HOL #1 REFLECTION
The team I am part of is made up of four members, myself, Mike DeAnda, Xi Rao and Bing Xue. My personal opinion is that we work very well together. Each one of us brings skill sets that assist with moving our project forward. If my math is correct I believe we have been working on our project for approximately five weeks. Our initial strategy was posted on Medium and each week we continue to build upon that report.
The past two weeks we have worked on parsing our data by writing a code in python to identify the #1reasonwhy from all other hashtags included in our raw data. This is a necessary first step for us to move forward with our project because the only tweets we are interested in analyzing are #1reasonwhy. Xi has been the project lead during this portion of the project. It was her effort and python script that provided the code to open the files to filter and curate the data. I found this code to be inspiring because what we had laid out in our project plan was starting to come to fruition and our team was using python.
The next step was for our team to work together on the remaining code that we wrote and to make a few modifications to the parsing code. As a team we used Collabedit.com to work together in real time on the remaining script. Xi continued to serve as the lead on our project and Mike helped to provide additional insight when we really got stuck on writing our code. Bing asked tough questions that made our team consider our code and the steps we were taking very closely. Her questions helped us to confirm our decisions and provided us with confidence that we had thought seriously about the code we were writing based on our current knowledge of python.
Now that we had the initial code to filter the data we needed to rename some of the API twitter terms to terms that we could understand, for example, we renamed “preferredUsername” to “handle”, and the “id” found in the “actor” portion of the tweet to “authorId.” We needed to do this to make it simple for us to understand the curated data, because for example, there was more than one “id” tag within a tweet in the raw data. This would get extremely confusing if we did not identify which “id” tag we were using, which is why we renamed the one we wanted extracted for our analysis to “authorId.” This part of the code is located in the fetchData function along with additional tags that we renamed, an empty list that we named usermentionsStr and an empty dictionary that we named mentionsObject.
The next steps that we took were to write the code to generate the hastag string, to write the code to generate the usermentions string, and to create the schema to store our data.

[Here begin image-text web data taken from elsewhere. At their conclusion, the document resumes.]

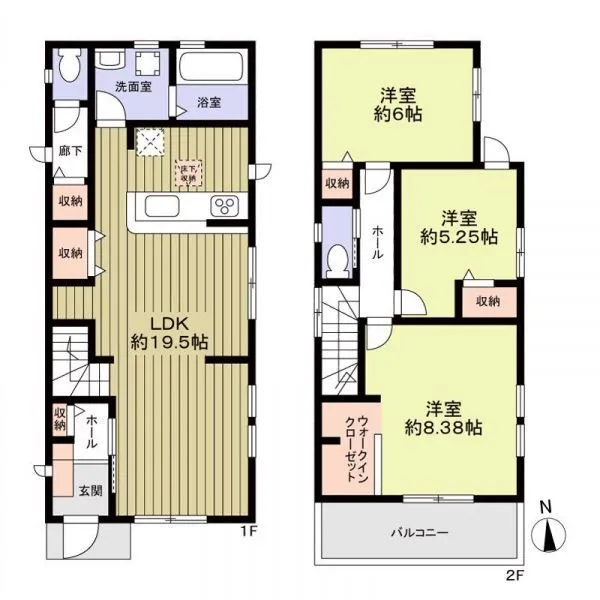 名古屋市千種区竹越1丁目 間取図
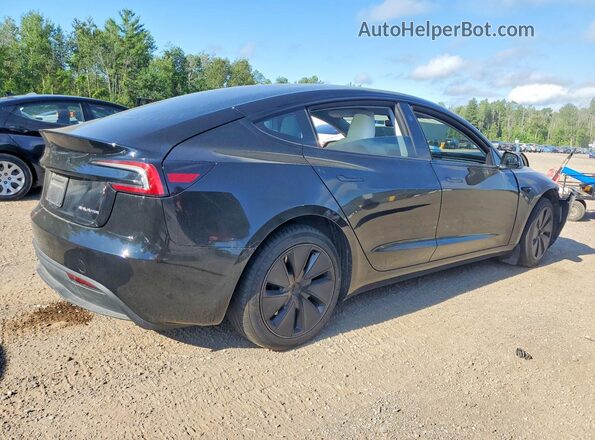 5YJ3E1EB3SF900782 2025 TESLA MODEL Black Задня права чверть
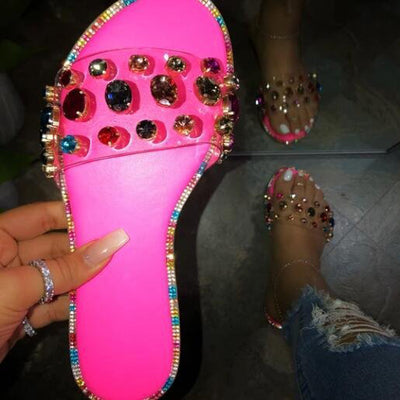 Sandalias Transparentes de Tacón Bajo Talla Grande - Image 7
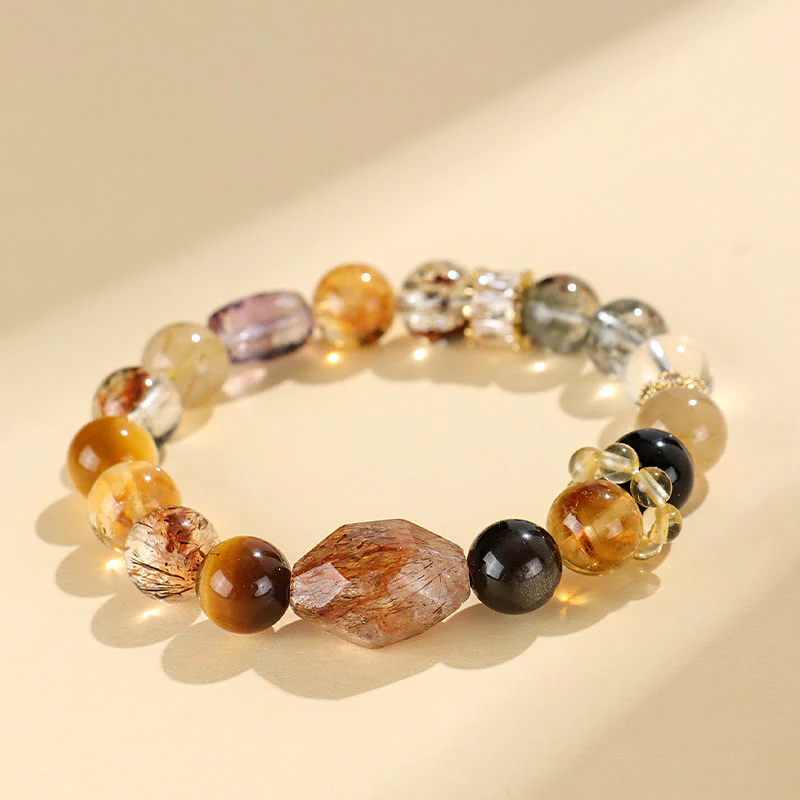 Buddha Stones Super Seven Crystal Topaz Obsidian Tiger Eye Positivity - Image 4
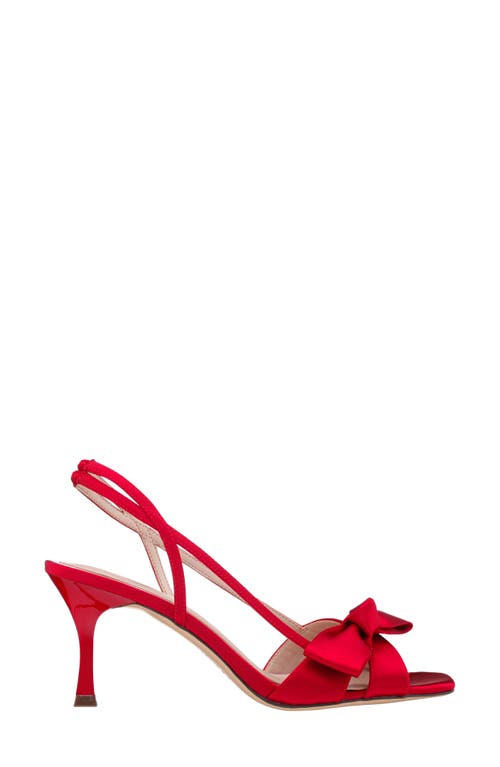 Nina Lizette Slingback Sandal In Red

As a team we all contributed to writing the code for various portions of our script and there is a lot more code to write before this project is completed. Tonight we laid out a project plan identifying the various steps needed for us to complete the final project by the end of the semester and those steps consist of a lot more python in the near future for my team. I am looking forward to it because I would like to become better at identifying what specific code needs to be written in order to get the outcomes I need to conduct research. This will only become natural to me if I continue to practice python and discuss it with my team so that my understanding becomes stronger.
If I were to do a similar project I would spend more time on practicing python. I would like to be at a point that when I code it becomes natural for me to write it. Currently, I really have to think about whether or not it should be a string, should I make a comment, when to use a list versus a dictionary, and how to make sure that I include everything I need within the schema. I am glad that I had my team to work with on this first python project because it would have taken me a lot longer than it did working within my team. When I didn’t understand a step that we were doing I was able to rely on my team to talk me through it so that I did understand it. They are serious about the project and accomplishing the goals that we have set out to accomplish but they are also very understanding and fun to work with.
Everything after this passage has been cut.